• **Stored items from a collection**:
++++++++++++++++++++
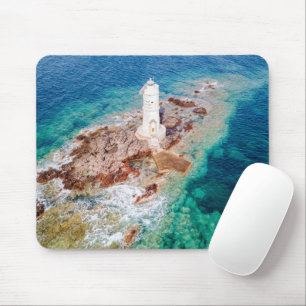 Lighthouses Mangiabarche Lighthouse Italy Mouse Pad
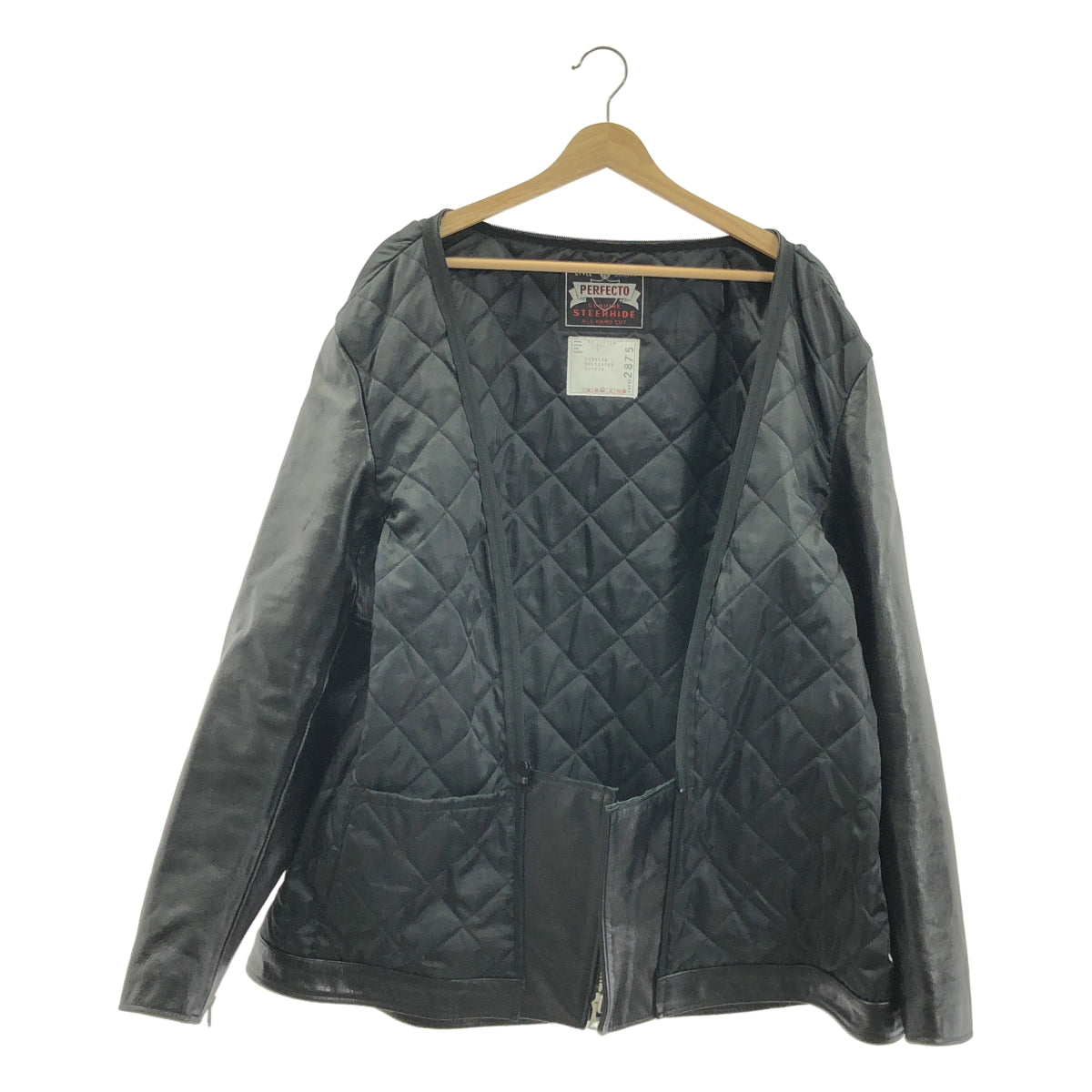 sacai / サカイ | 2022AW | × Schott / ショットコラボ 2Way Leather Blouson キルティングライナー付き レザー ダブルライダースジャケット | 3 | メンズ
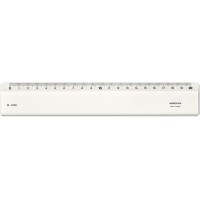 MINERVA Regle 20cm un biseau transparent
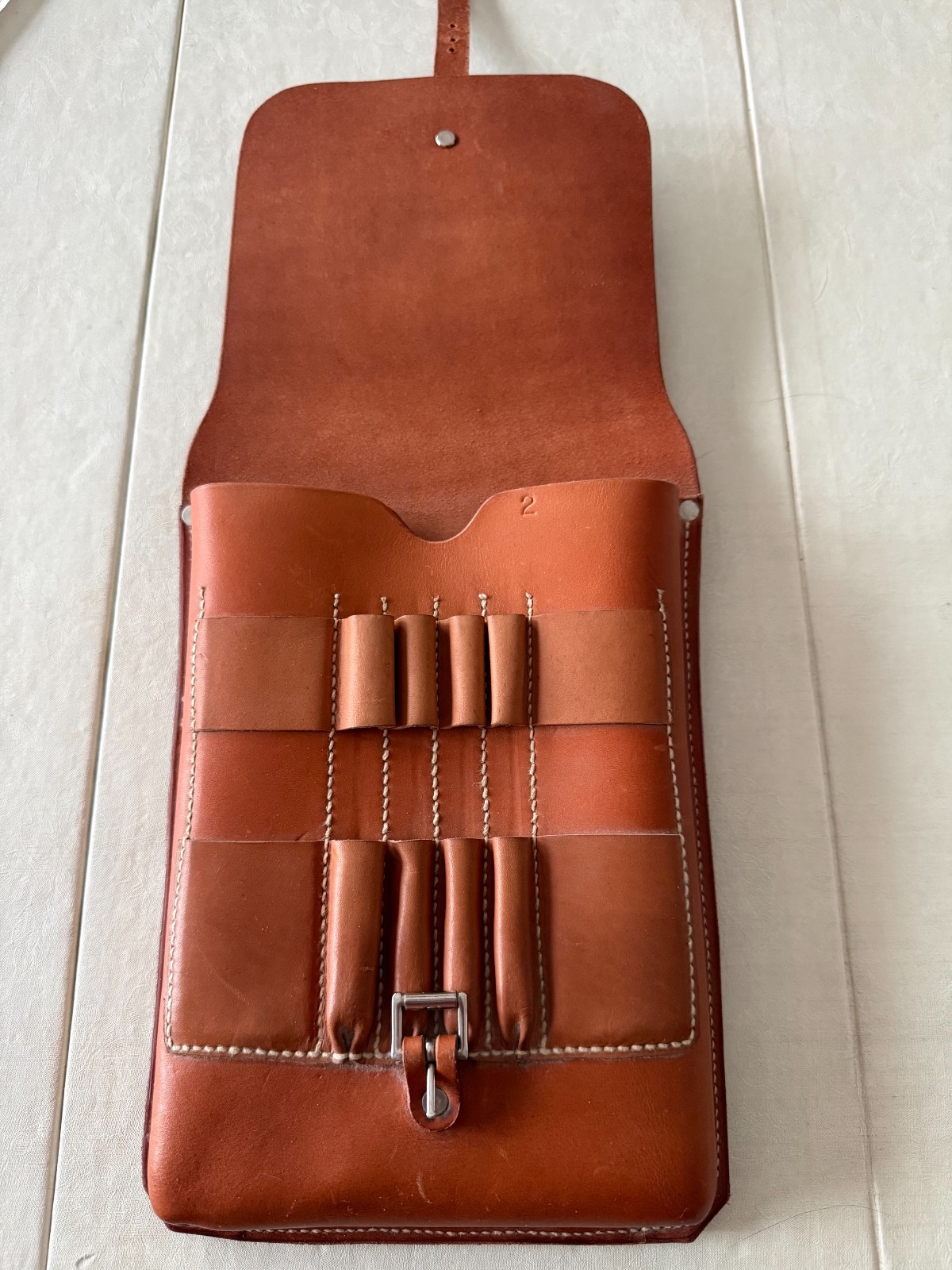 Gfeller Large Leather Field Case Geologist Belt Shoulder Pouch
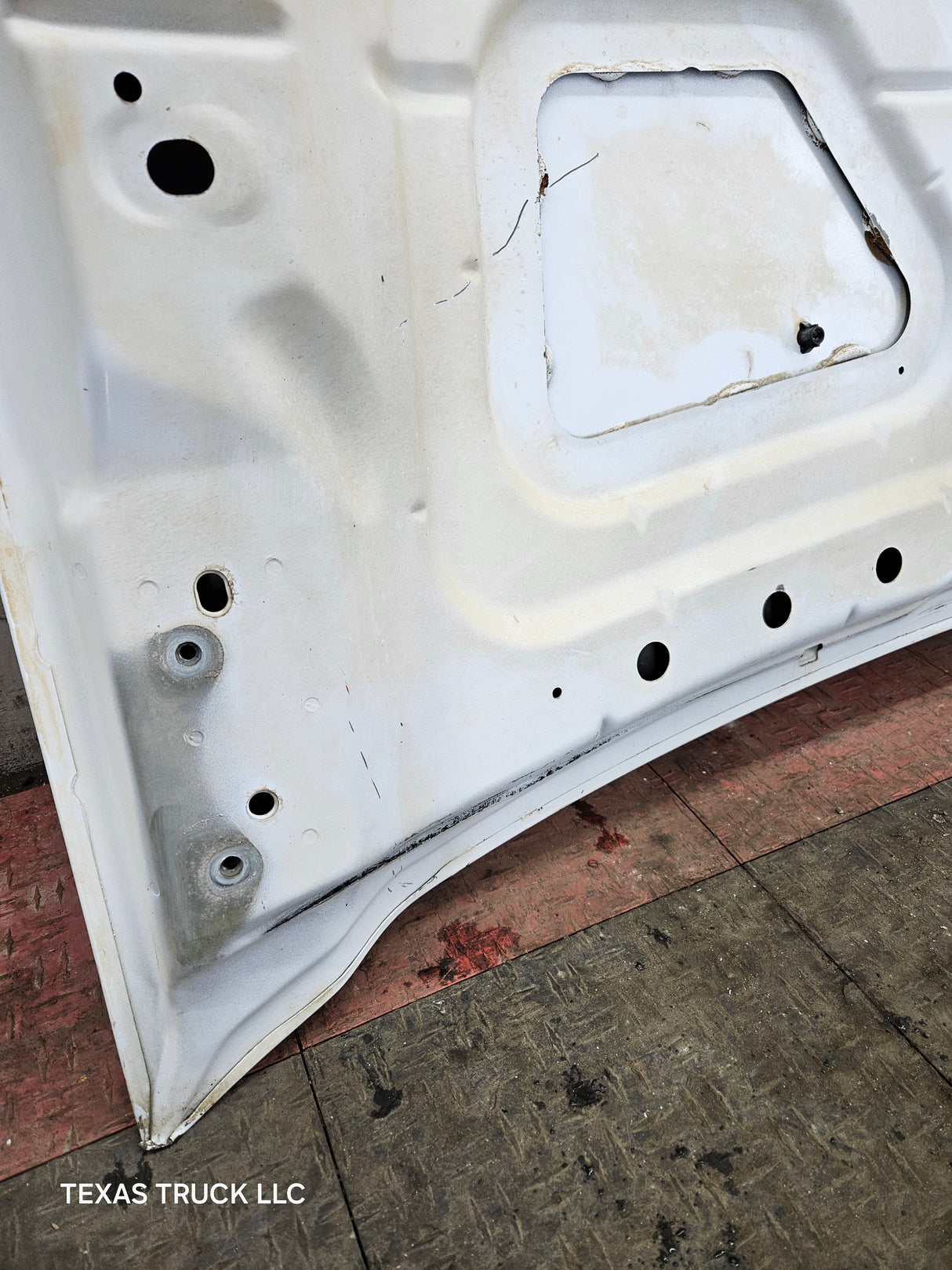 2008-2010 Ford Super Duty F250 F350 F450 F550 Hood - Oxford White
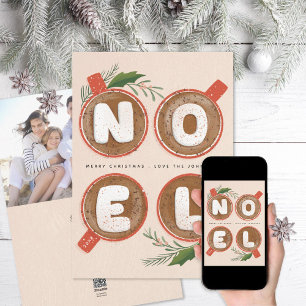 Tarjeta Festiva Foto de Noel Marshmallows Hot Cocoa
++++++++++++++++++++
Begin at the first line of the entries and end at the line containing "Gfeller Large Leather": write out each line exactly, skipping pictures.

• **OUTPUT OF THE TASK**:
 Lighthouses Mangiabarche Lighthouse Italy Mouse Pad
 sacai / サカイ | 2022AW | × Schott / ショットコラボ 2Way Leather Blouson キルティングライナー付き レザー ダブルライダースジャケット | 3 | メンズ
 MINERVA Regle 20cm un biseau transparent
 Gfeller Large Leather Field Case Geologist Belt Shoulder Pouch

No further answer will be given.